Workers and firms heterogeneity

The goal of this homework is to i) learn how to solve an equilibrium search model and 2) estimate a two-way fixed effect model on the data generated from the model. We will use the model from Shimer and Smith.

  #some imports
require(gtools)
require(data.table)
require(ggplot2)
require(reshape)
require(readstata13)
require(RcppSimpleTensor)
source("../../src/search.r") # you do not have access to this repo which has the solutions! :-) !

Sovling Shimer Smith

The equilibrium of Shimer and Smith can be solved by iterating on the Bellman equation $W_0$, $\Pi_0$ and $S$, they are given by:

\[ (r+s)S(x,y) = f(x,y) -r W_0(x) - r \Pi_0(y) \]

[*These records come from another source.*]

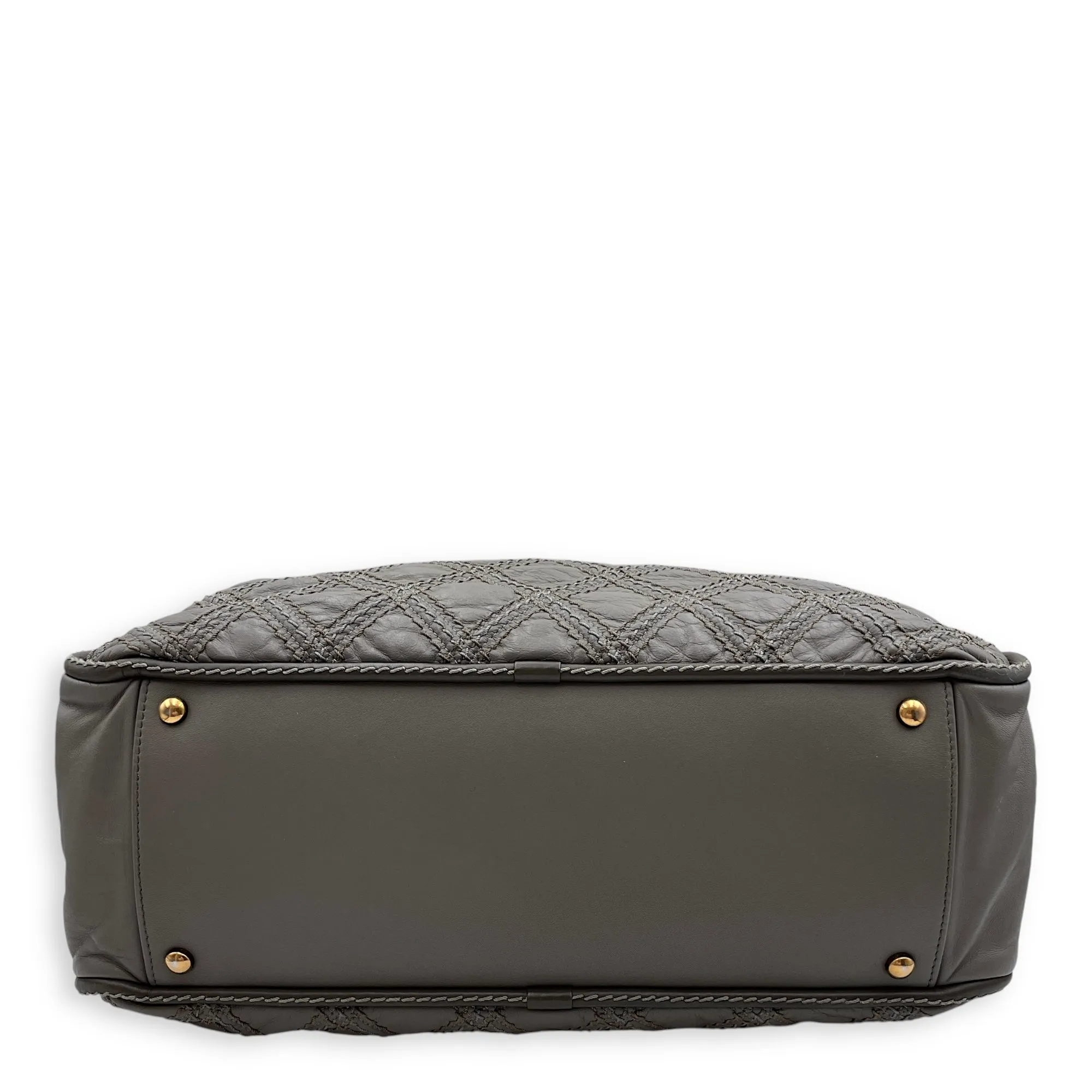 Quilted Stitches Triptych Grey Tote Bag in Calfskin, Gold hardware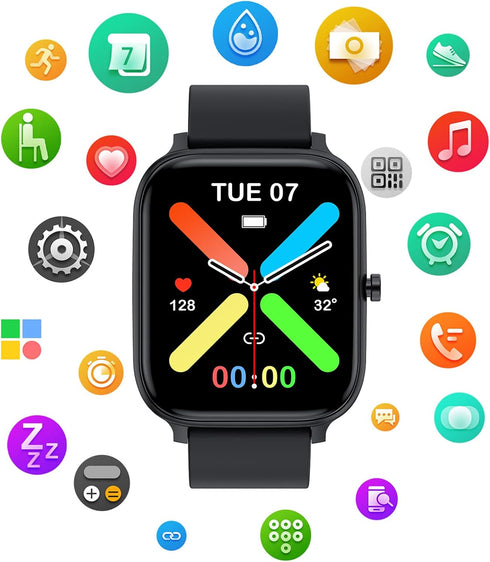Smart Watch for Men Women, 1.69 inch Full Touch Screen, IP68 Waterproof Bluetooth Fitness Tracker (Black)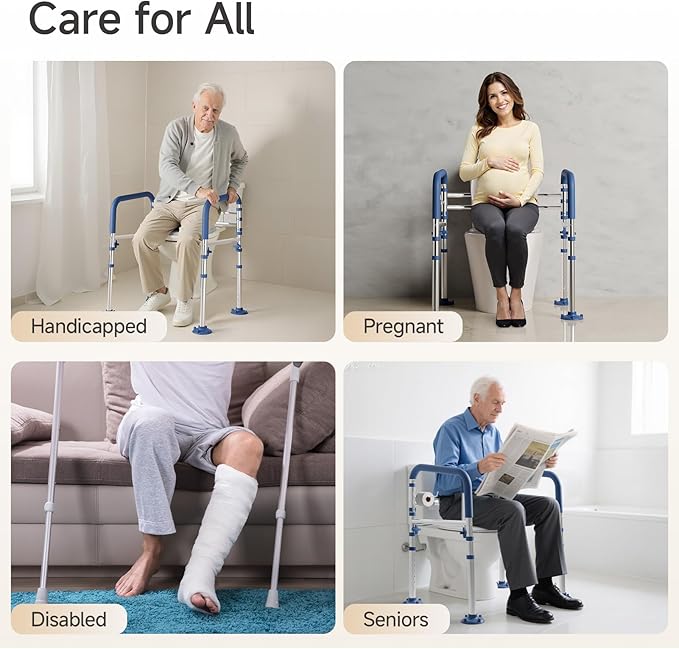 Toilet Safety Rails for Seniors,Height-Adjustable Toilet Frame Width-Adjustable Toilet Handles Toilet Rail Provides Support for Seniors ， Pregnant ，Disabled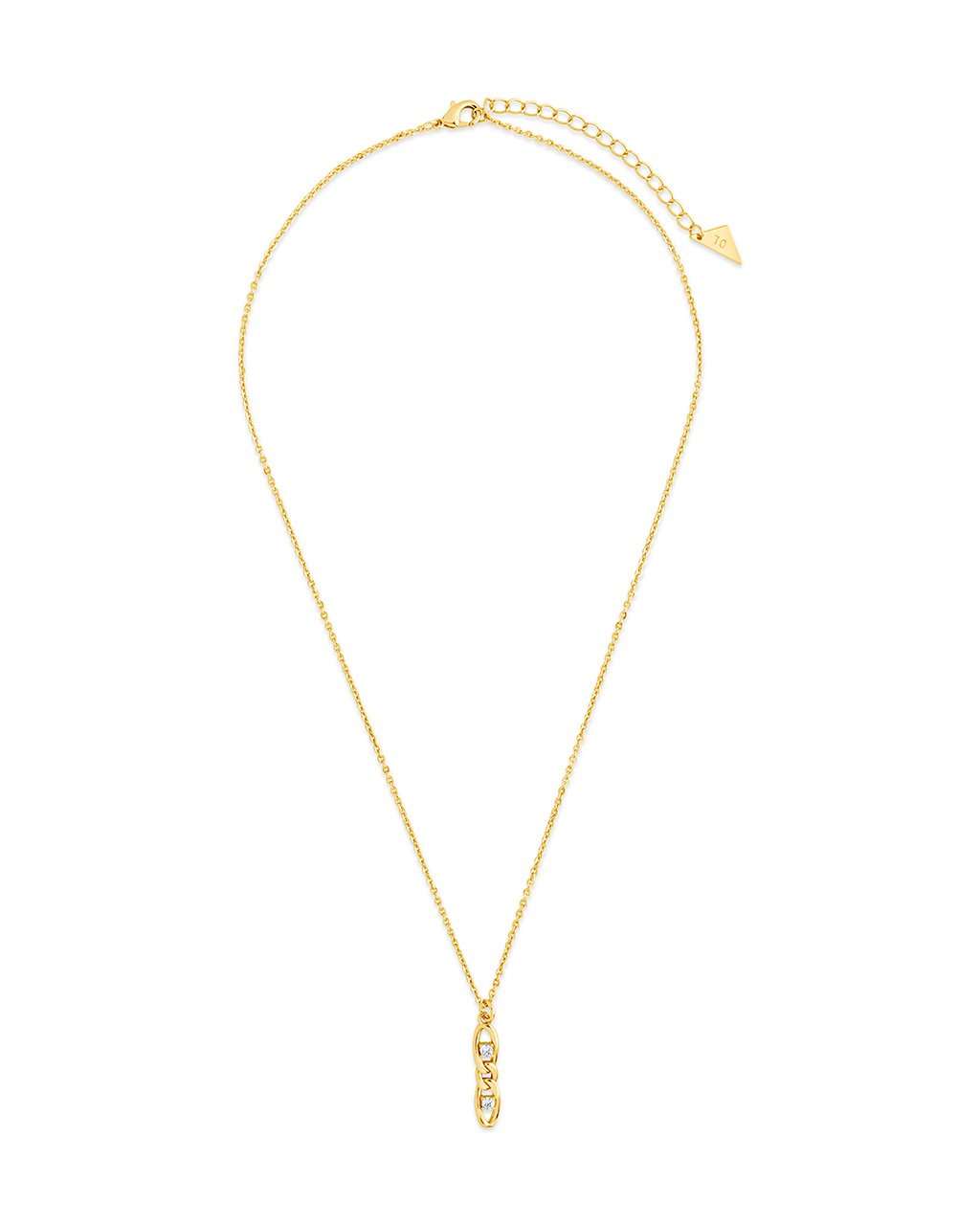CZ Studded Figaro Link Pendant Necklace Necklace Sterling Forever 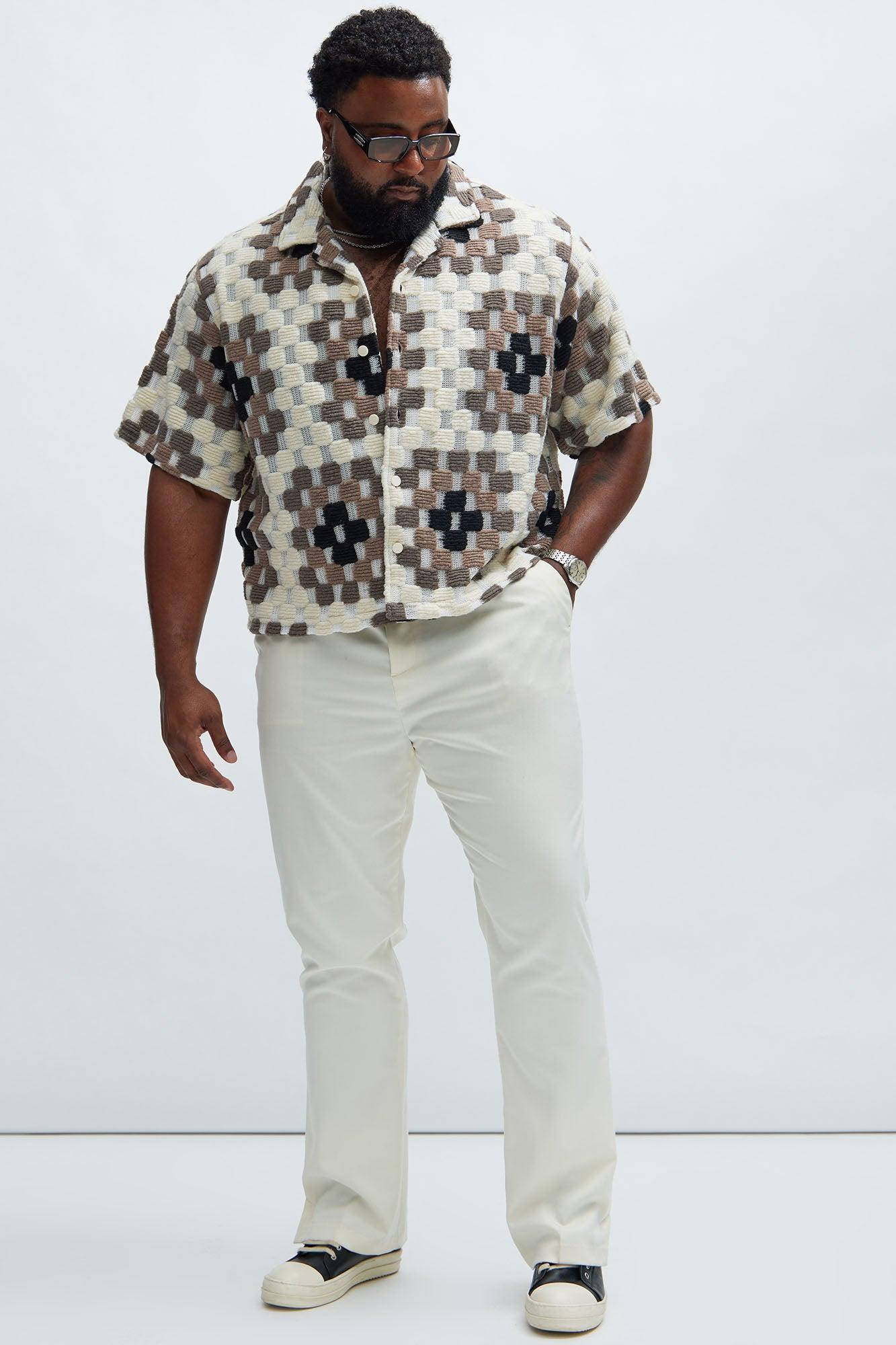 Gaston Jacquard Cropped Shirt - Brown/combo Product Image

\[ r W_0(x) = b + \kappa \alpha \int \max \{ S(x,y') , 0\} V(y') dy'\]

\[ r \Pi_0(y) = -c + \kappa (1-\alpha) \int \max \{ S(x',y) , 0\} U(x') dx'\]

This needs to be jointly solved for with the endogenous distribution of matches $h(x,y)$ which must satify

\[ h(x,y) = (1-s) h(x,y) 1[S(x,y)\geq 0] + \kappa 1[S(x,y)\geq 0] U(x) V(y)\]

Here is a code that will create a parameter set, and a code that initialize your model with some starting values.

initp <- function(...) {
  p = list()
  p$ay = 0.2
  p$nx = 50
  p$ny = 50
  p$nz = 50
  p$sz = 1
  p$dt  = 4 
  p$sep = 0.02
  p$r   = 0.05
  p$rho = -2
  p$b   = 0 
  p$c   = 0
  p$alpha = 0.5 # bargaining power
  p$fsize = 50
  p$m   = 0.4
  p$nu  = 0.3 # efficiency of search on the job
  p$K   = 0
  p$lb0  = 0.4 
  p$lb1  = 0.1
  p$M=1.5
  
  #p$pf = function(x,y,z=0,p) x*y + z
  p$pf = function(x,y,z=0,p)  ( x^p$rho +  y^p$rho )^(1/p$rho) + p$ay # haggerdorn law manovski 
  
  sp = list(...)
  
  for (n in names(sp)) {
    p[[n]] = sp[[n]]
  }
  
  return(p)
}

and here is some code that initialize the different functions needed:

  X = spread( (0:(p$nx-1))/p$nx , 2, p$ny )  # worker heterogeneity
  Y = spread( (0:(p$ny-1))/p$ny , 1, p$nx )  # firm heterogeneity
  FF = p$pf(X,Y,0,p)                         # production function
  W0 = rep(0,p$nx)                           # value of being unemployed (starting values)
  P0 = rep(0,p$ny)                           # value of a vacancy (starting values)
  H  = array(0.8/(p$nx*p$ny),c(p$nx,p$ny))   # joint mass of matches (starting values)
  U  = rep(0.2/p$nx,p$nx)                    # mass of unemployed  (starting values)
  V  = (p$M-0.8) * rep(1/p$ny,p$ny)          # mass of vacant jobs (starting values)
  S  = FF / p$r                              # surplus of a match (starting values)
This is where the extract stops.